3. Decision and Mode of Sharing
Clinicians then decided how and if to share their emotions—either verbally, through explicit statements, or non-verbally via body language, tone, or facial expressions. This sharing aimed to validate patient and family feelings, foster mutual understanding, and deepen relational connections essential for patient-centered end-of-life care. Strategic emotional disclosure thus emerged as a deliberate tool for strengthening therapeutic alliances.

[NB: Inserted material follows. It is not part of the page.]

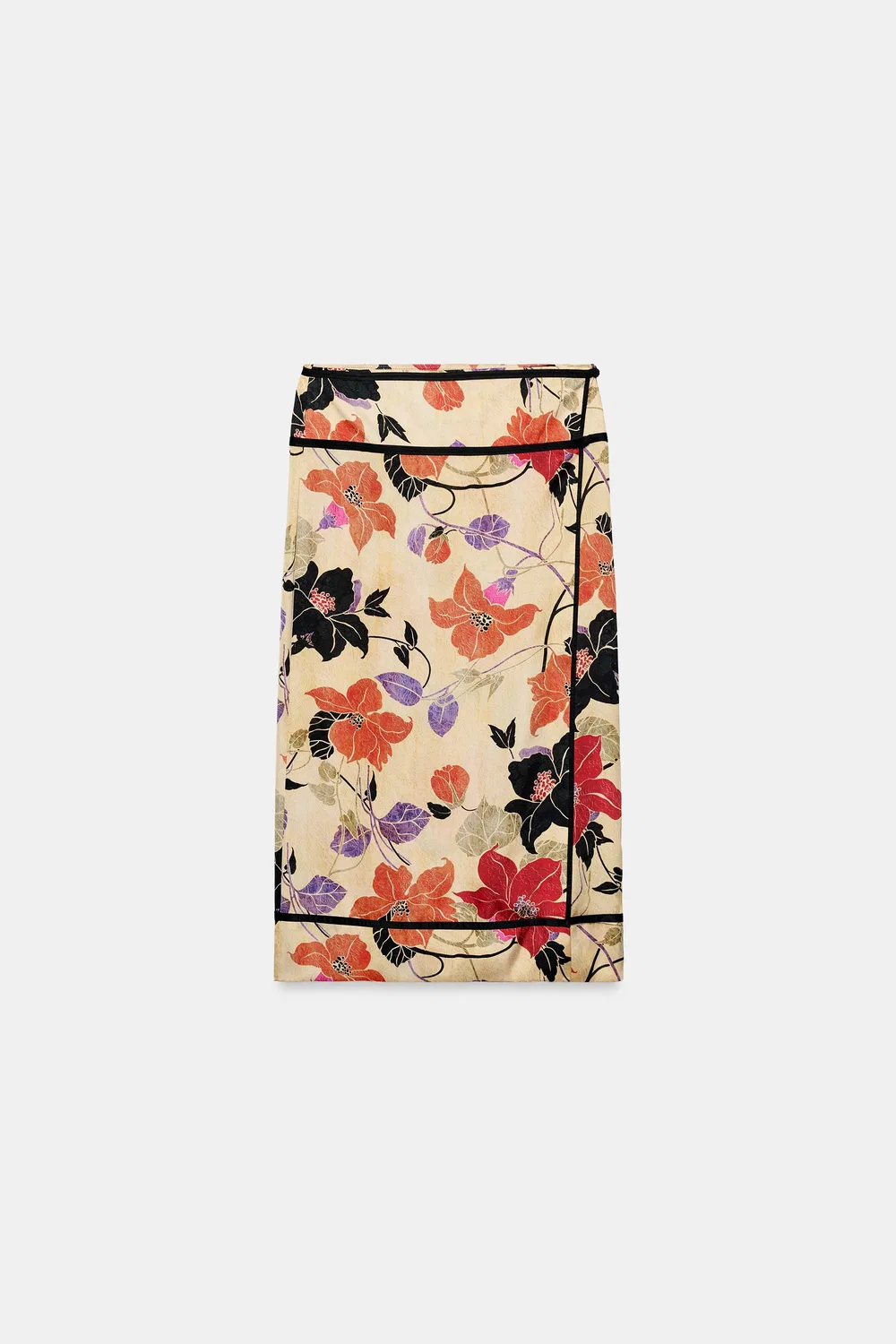 Юбка-парео с цветочным принтом из коллекции ZW ZARA, Multicoloured — фото 2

Core Concept: Building Connection Through Emotions
Across all phases, the underlying value linking the process was the intention to foster connection. Clinicians viewed using their emotions not as a vulnerability but as a resource to enhance empathy, trust, and communication with patients and relatives, thereby improving the quality and depth of care.
Expert Commentary
The findings resonate with the growing recognition in literature that emotional competence is a key component of effective palliative care. Emotional awareness and regulation skills are essential for clinicians to navigate intense clinical situations without burnout while maintaining compassionate caregiving. Experts highlight that training programs should incorporate emotional skills development to better prepare clinicians for the interpersonal demands of palliative care. Stem from social constructivist theory, this study also acknowledges that emotional expression is shaped by cultural and social contexts, advising that interventions be contextually sensitive. However, limitations include the self-reported nature of interviews and potential selection bias of participants already attuned to emotional aspects of care.
Conclusion
This study enriches understanding of how palliative care clinicians consciously use their emotions during consultations to form meaningful connections with patients and families. The proposed three-phase model underscores that awareness, assessment, and intentional sharing of emotions serve as an effective relational strategy. Integrating emotional skills training tailored to palliative contexts holds promise for enhancing clinician well-being and improving patient-centered outcomes. Future research should explore organizational and cultural factors shaping emotional use and address longitudinal impacts of emotional competence education on clinical practice.
References
1. Moens K, Bilsen J, Zambrano SC. Connecting Through Emotions: A Social Constructivist Grounded Theory on How Palliative Care Clinicians Use Their Emotions During Consultations. J Gen Intern Med. 2026 Jun 15. PMID: 42298201.
2. Sinclair S, Raffin-Bouchal S, Venturato L, et al. Compassion training in healthcare: what are patients’ perspectives on training healthcare providers? A scoping review. BMC Med Educ. 2020;20(1):45.
3. Gentry MT, Webster J, Godfrey KM. Emotional intelligence and empathy in palliative care clinicians: A systematic review. Palliat Med. 2019;33(5):501-512.